Memoriale delle vittime a Crans-Montana (Ansa)
Doveva essere un’iniziativa benefica, ma si è trasformata – almeno apparentemente – nell’ennesimo giallo legato alla strage di Crans-Montana, con le famiglie delle vittime e dei feriti nel rogo di capodanno che stanno ancora aspettando di ricevere i proventi del concerto “Aux curs de Crans” che è stato organizzato lo scorso 22 aprile con l’obiettivo – appunto – di raccogliere fondi da destinare a chi ha dovuto affrontare spese enormi per il ricovero di figli, nipoti e parenti.
Facendo un passo indietro, è utile ricordare che il concerto per Crans-Montana è andato in scena in uno dei teatri più esclusivi della Svizzera – ovvero la Salle Métropole di Losanna – e prevedeva dei biglietti di ingresso compresi tra i 90 e i 109 franchi (a seconda del posto acquistato): all’iniziativa benefica avevano partecipato alcuni dei nomi più famosi della musica francese e svizzera, oltre al nostrano Riccardo Cocciante; tutti a titolo completamente gratuito.

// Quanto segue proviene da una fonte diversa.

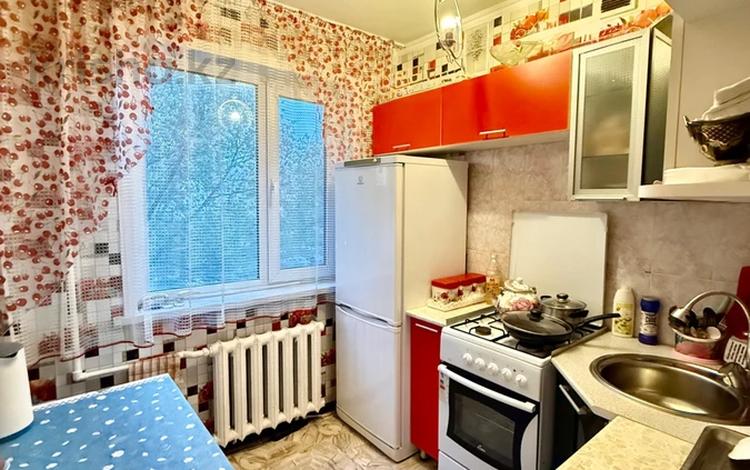 2-бөлмелі пәтер · 47 м² · 3/5 қабат, ул. Мухтара Ауэзова 73 — Между Акжелкен и Computer Land, бағасы: 16 млн ₸ в Щучинске — фото 2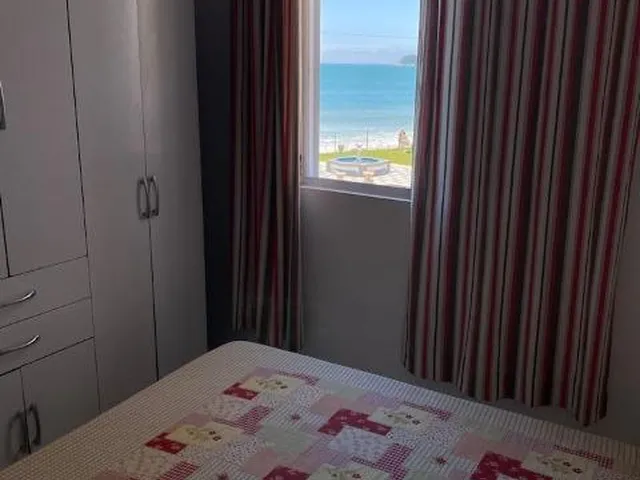 Imagem 8: Apartamento Residencial em Florianópolis - santa Catarina, Ingleses do Rio Vermelho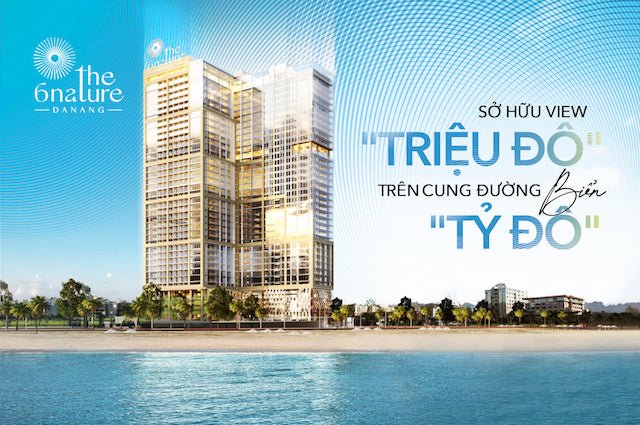 The 6Nature Đà Nẵng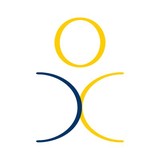 Kma Consulting LLC - Business Consulting in Falmouth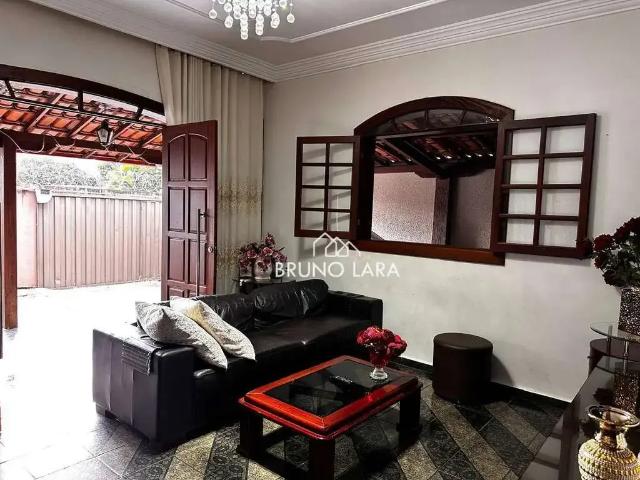 Casa venda em Região Geográfica Imediata de Belo Horizonte, Região Metropolitana de Belo Horizonte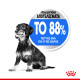 ROYAL CANIN MINI LIGHT WEIGHT CARE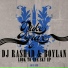 Boylan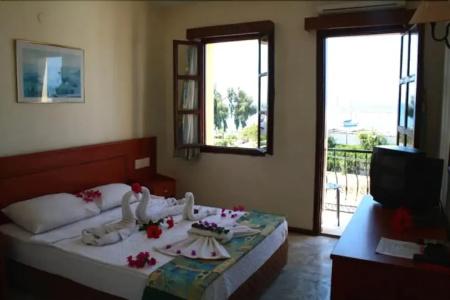 Fiorita Beach - 3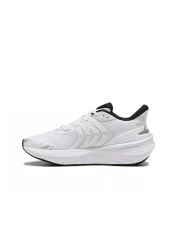 Puma Pulse Pro Men's Running Shoes 31078006 White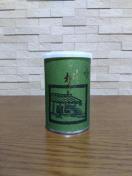 �����@���݂ǂ�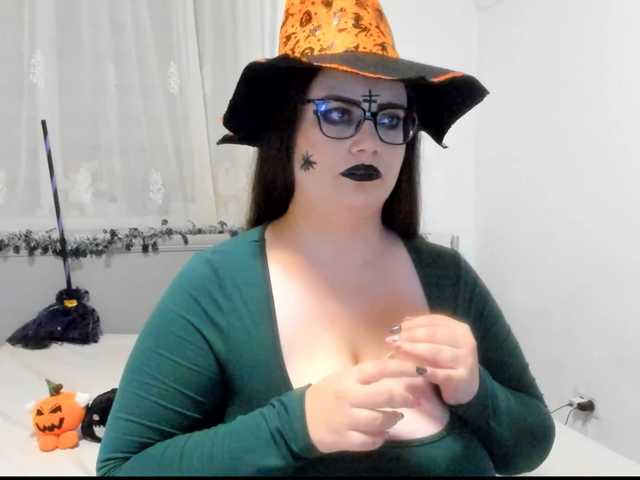amiravyxen live cam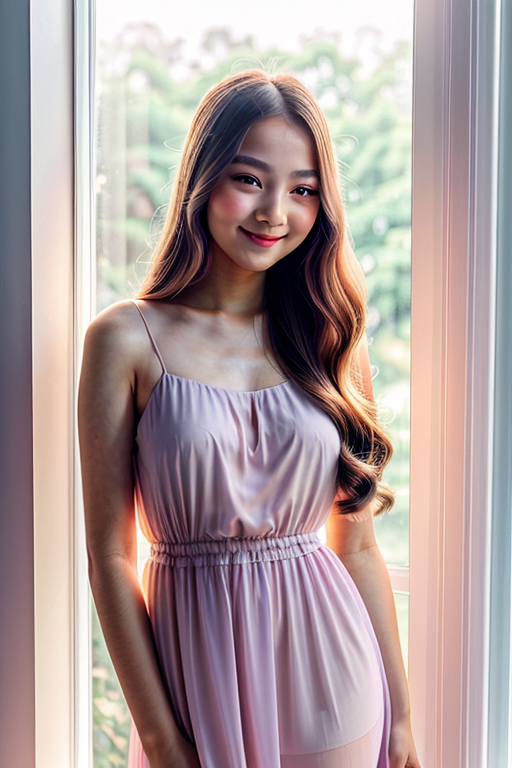 soft aesthetic pictures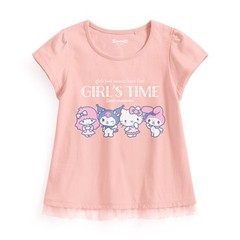 ☺️材質舒服，孩子很喜歡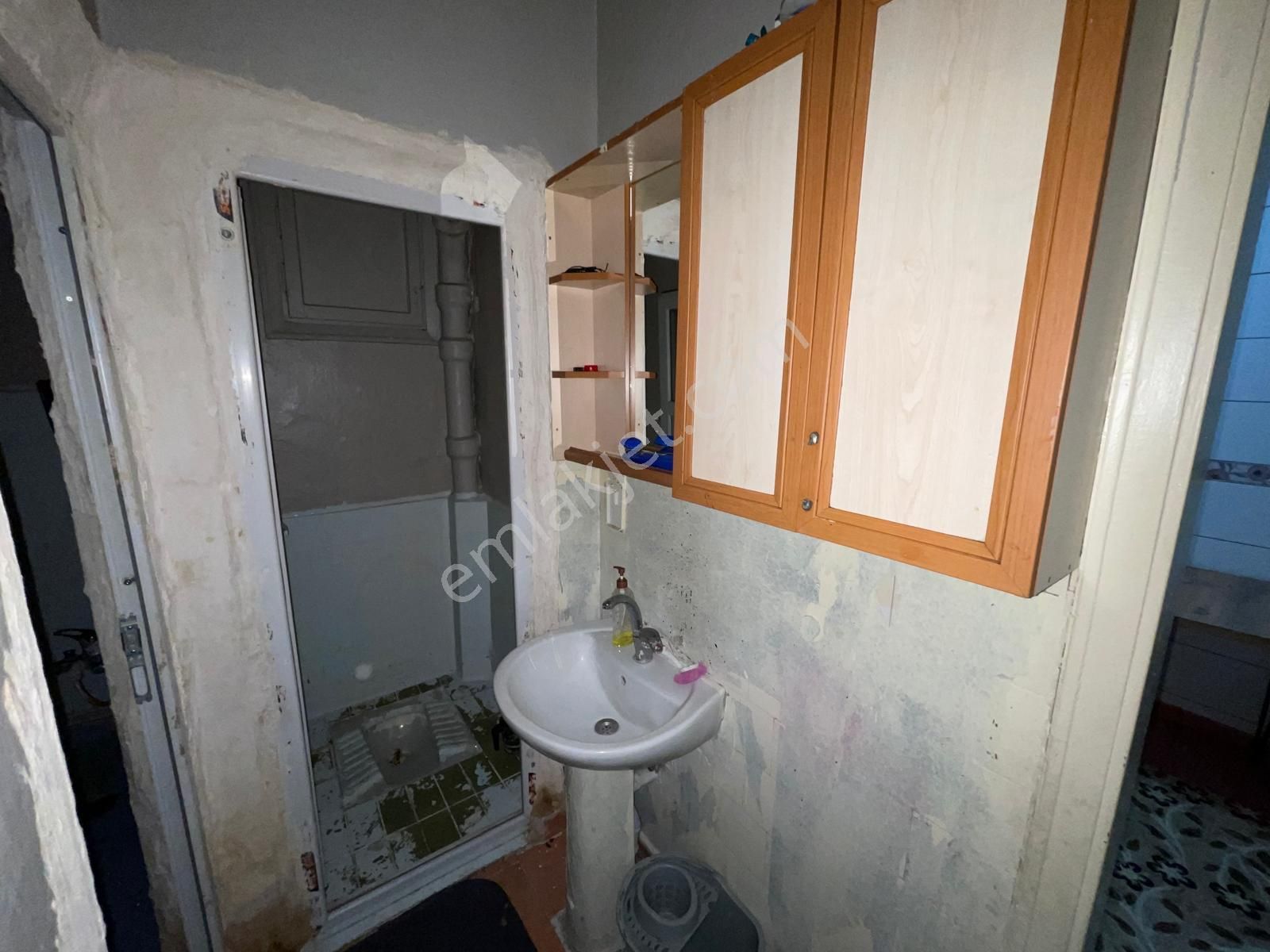 Yatırımlık Fırsat! Şemsi Tebrizi’nde Satılık Ferah 3+1 - Görsel 27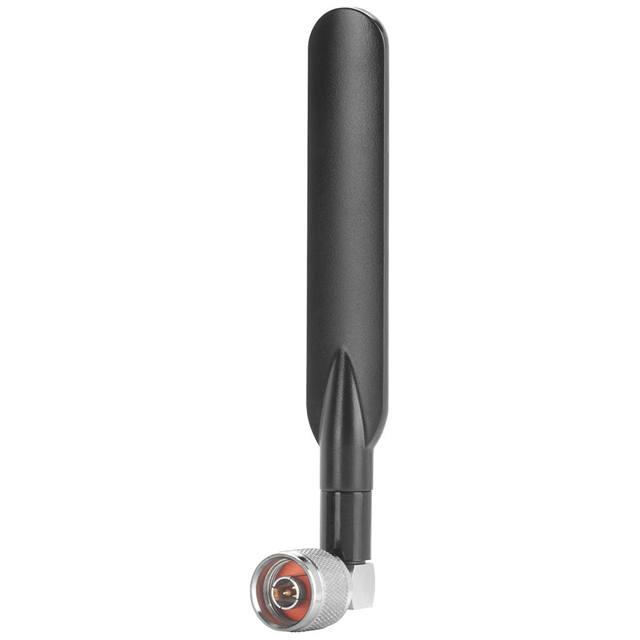 Siemens_6GK57954MD000AA3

A distanza di più di un mese dal concerto per Crans-Montana, però, i proventi raccolti – secondo un’inchiesta condotta dal quotidiano svizzero Tages Anzeiger – non sono ancora stati distribuiti alle vittime e non è chiaro neppure a quanto ammontino effettivamente i fondi raccolti, con una stima del quotidiano che parla di almeno 150mila franchi: dal canto suo, l’organizzatore dell’evento respinge qualsiasi ipotetica accusa, ma non ha ancora diffuso alcun dettaglio su quando inizierà la distribuzione.